B2B SaaS · Seed · Workforce Management · Hospitality
Hi WFW VC Teardowns,
I’d like to introduce Shiftly, a straightforward scheduling and shift-management platform for small hospitality businesses still coordinating rosters through spreadsheets, WhatsApp groups, and last-minute texts.
Owners and managers typically spend 3–6 hours per week building schedules, confirming staff availability, resolving shift swaps, and communicating last-minute changes. These inefficient manual processes lead to missed shifts, over/under-staffing, and labour cost overruns.

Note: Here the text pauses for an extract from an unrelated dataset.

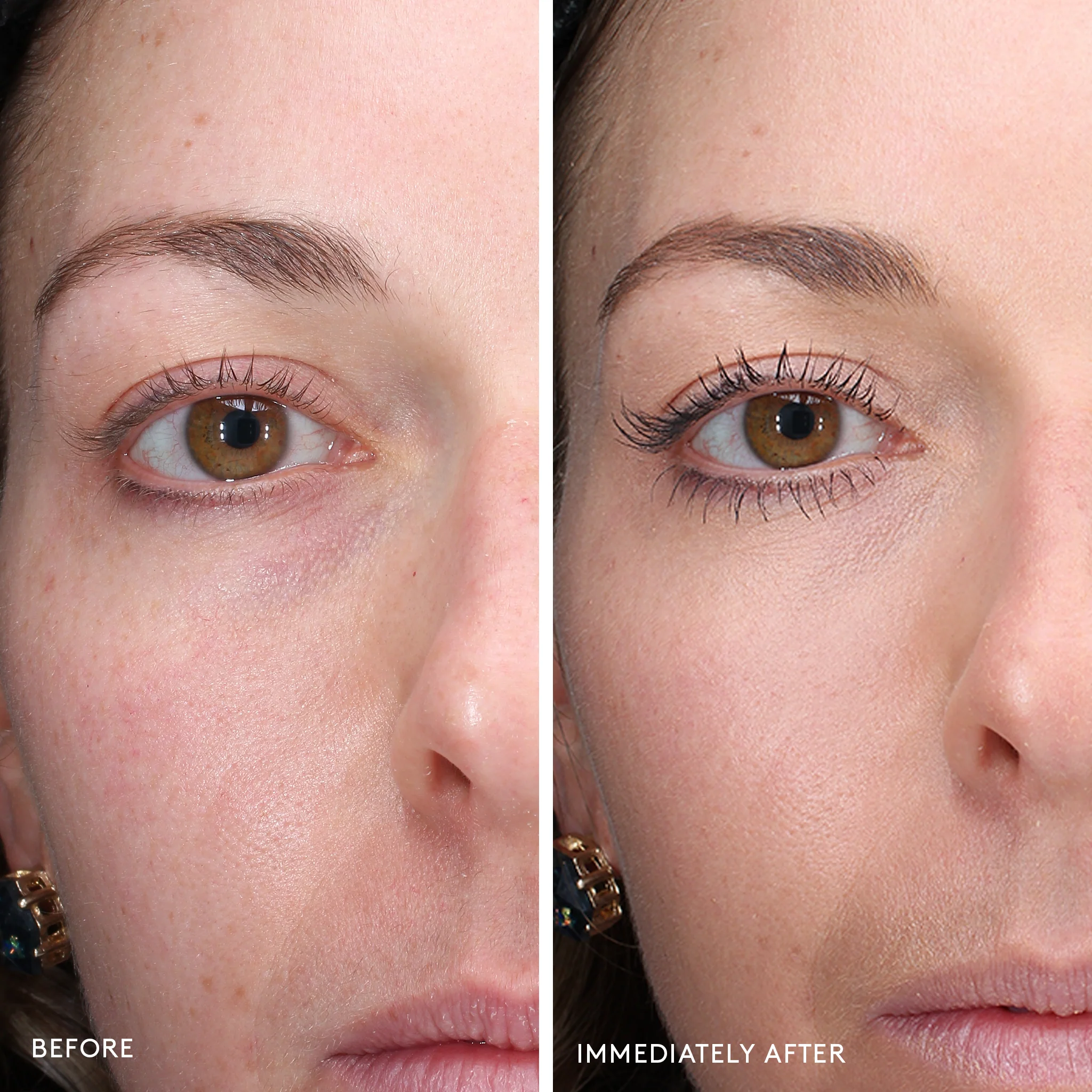 Total Eye® 3-in-1 Renewal Therapy SPF 35 - Image 12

Shiftly streamlines the entire workflow in one app. Businesses that adopt Shiftly reduce weekly scheduling time by 70–85%, eliminate cross-tool confusion, and save an average of $350–$600 per month in labour-planning inefficiencies.
We currently serve cafés, restaurants, and bars with 5–40 staff across New Zealand and early customers in Australia. We’re raising a $750k NZD pre-seed to deepen our payroll integrations and expand our go-to-market across Australia.

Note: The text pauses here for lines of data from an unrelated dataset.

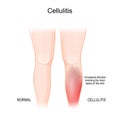 Skin Cellulitis. Healthy Leg, And Leg With Symptoms Of Infectious Disease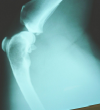 Photo for Bone Degeneration Therapeutics Market - Global Industry Insights, Trends and Opportunity Analysis, 2016–2024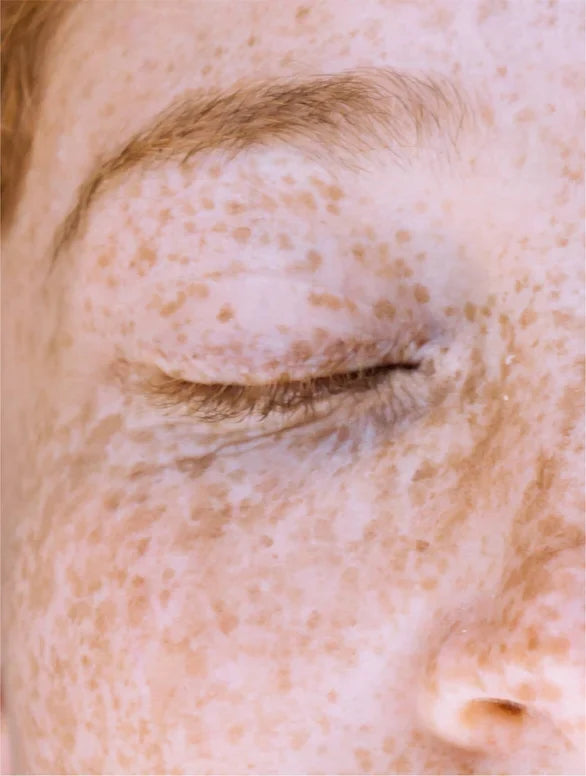 Dark Spot Face Cream with Kojic Acid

Given your interest in clear, problem-driven SaaS products, we’d appreciate your perspective.
Best regards,
Mara Te Rangi
Founder & CEO, Shiftly
www.shiftlyapp.co.nz
Shiftly
Simple scheduling and shift management for small hospitality teams, saving owners 3–6 hours weekly and reducing labour cost waste by 10–15%.
Problem:
Solution:
Competitive Advantages:
Market Opportunity:
Traction:
Raise:
Team:
Jo Wickham
Partner at Icehouse Ventures, with over ~$600m in funds under management and investments across 380+ New Zealand tech companies. Former General Counsel of NZX- and ASX-listed Vista Group and Head of Legal & Commercial at Movio.
1. Intro Email
The ICP is explicit, the pain is quantified, and the ask is reasonable for pre-seed. Slightly generic unhelpful framing (“straightforward scheduling”).
2. Problem
Well understood pain in hospitality SMBs, and the time + cost framing makes it tangible, however - not particularly novel.
3. Solution
Competent and sensible, but not obviously differentiated. Reads like a cleaner version of what already exists rather than a step-change - simplicity is the wedge, but that’s hard to defend.
4. Traction
$18.5k MRR from 92 customers with referral-driven growth suggests early signs of product-market fit. $18k MRR and building something that 92 customers pay for is not trivial & is impressive. That said, fees appear low, there’s limited data on retention/expansion, and hospitality SMB churn may structurally cap long-term value unless ARPU meaningfully expands.
5. Market
Honest, but highlights the ceiling. ANZ-only focus keeps things realistic, yet reinforces that this may be not have a venture-scale outcome.
What does “a venture-scale outcome” mean to you?
A venture-scale outcome is one that has credible potential to return a meaningful portion of the fund - ideally 1x+ the fund on its own, but at minimum a top-decile outcome that drives the power law meaning over $100m in recurring revenue, or a valuation over $1bn. The question isn’t whether this becomes a profitable, durable business (it might). The question is whether it has the characteristics to become one of the few outliers that matter disproportionately in a portfolio.
6. Competition / Alternatives
The deck acknowledges strong incumbents but underplays how entrenched they are. “Simplicity” alone may not be enough to win long-term against Deputy/Tanda without a clearer moat.
7. Team
Hospitality experience is a real asset here in terms of domain expertise but the team feels practical rather than aspirational. The team don’t immediately appear to have evidence of ambition and capability to build beyond a solid SMB SaaS e.g., prior scaling experience, asymmetric insight, technical edge, or vision to expand into a broader system-of-record platform but I’d definitely hold off on any judgment until I’ve spent some time with the team.
8. The Ask
Appropriate for traction and ambition. $750k pre-seed is sensible, though expansion to Australia this early may stretch focus unless NZ growth is already very repeatable.
But this team has 18.5K MRR and 92 customers. Isn’t this more traction (proof) than you normally see at Seed?
Yes - it is very real traction as noted above but the question isn’t validation; it’s velocity and ceiling. The bar isn’t “is this working?” - it’s “can this become disproportionately large?”
9. Overall
Primary reason you’d pass:
Crowded market with limited defensibility and a likely cap on venture-scale outcomes.
Primary reason you’d lean in:
Strong early traction, clear customer love, and a founder who deeply understands the problem.
10. 30-Minute Meeting?
No - while the execution looks solid, the market is crowded with well-funded incumbents and the current pitch doesn’t yet show a defensible path to venture-scale returns. We are always happy to be proven wrong though, and frequently are!
Disclaimers
All startup companies, business models, products and founders described in VC Teardowns are fictional and created solely for educational purposes. Any resemblance to actual companies, persons or events — past, present or future — is purely coincidental.
The opinion of each participating VC reflects their individual perspective and does not represent their firm as a whole.